*Given records*
· · · · · · ·

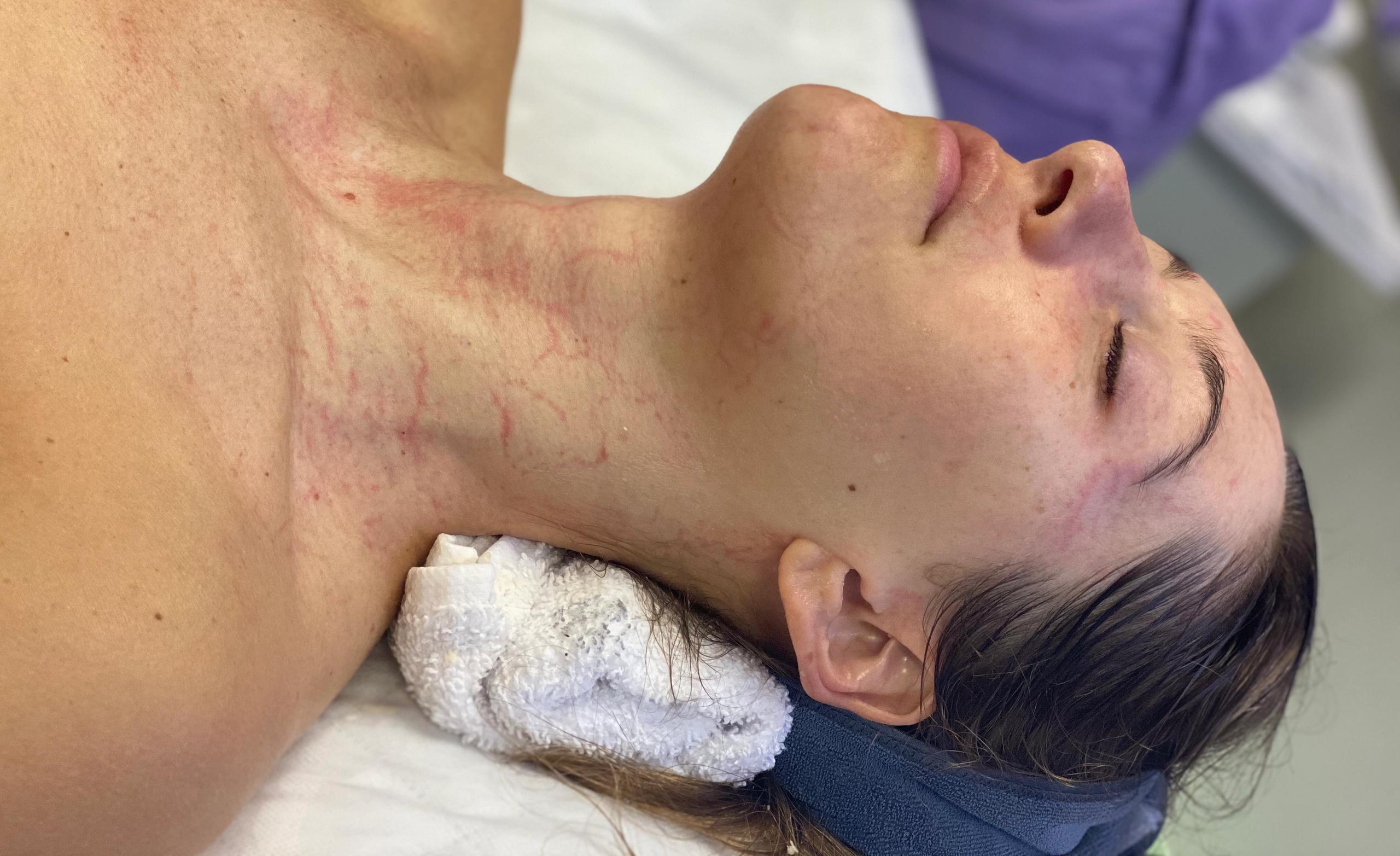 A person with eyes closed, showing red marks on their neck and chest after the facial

· · · · · · ·

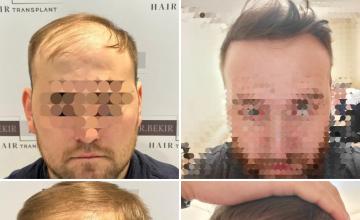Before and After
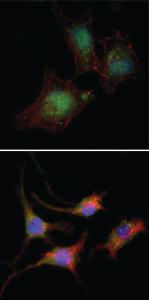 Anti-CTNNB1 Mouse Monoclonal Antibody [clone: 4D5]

· · · · · · ·

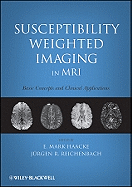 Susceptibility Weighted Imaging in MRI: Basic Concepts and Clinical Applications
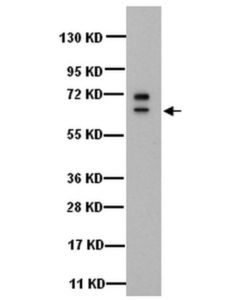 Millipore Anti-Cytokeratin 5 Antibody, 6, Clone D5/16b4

· · · · · · ·

*How to complete this task*
Of all the material above, only the lines from the one that has "Before and After" down to the one that has "Anti-CTNNB1 Mouse Monoclonal" are to be written out, exactly and with both ends included. Pictures are skipped.

*Answer to the problem*
Before and After
 Anti-CTNNB1 Mouse Monoclonal Antibody [clone: 4D5]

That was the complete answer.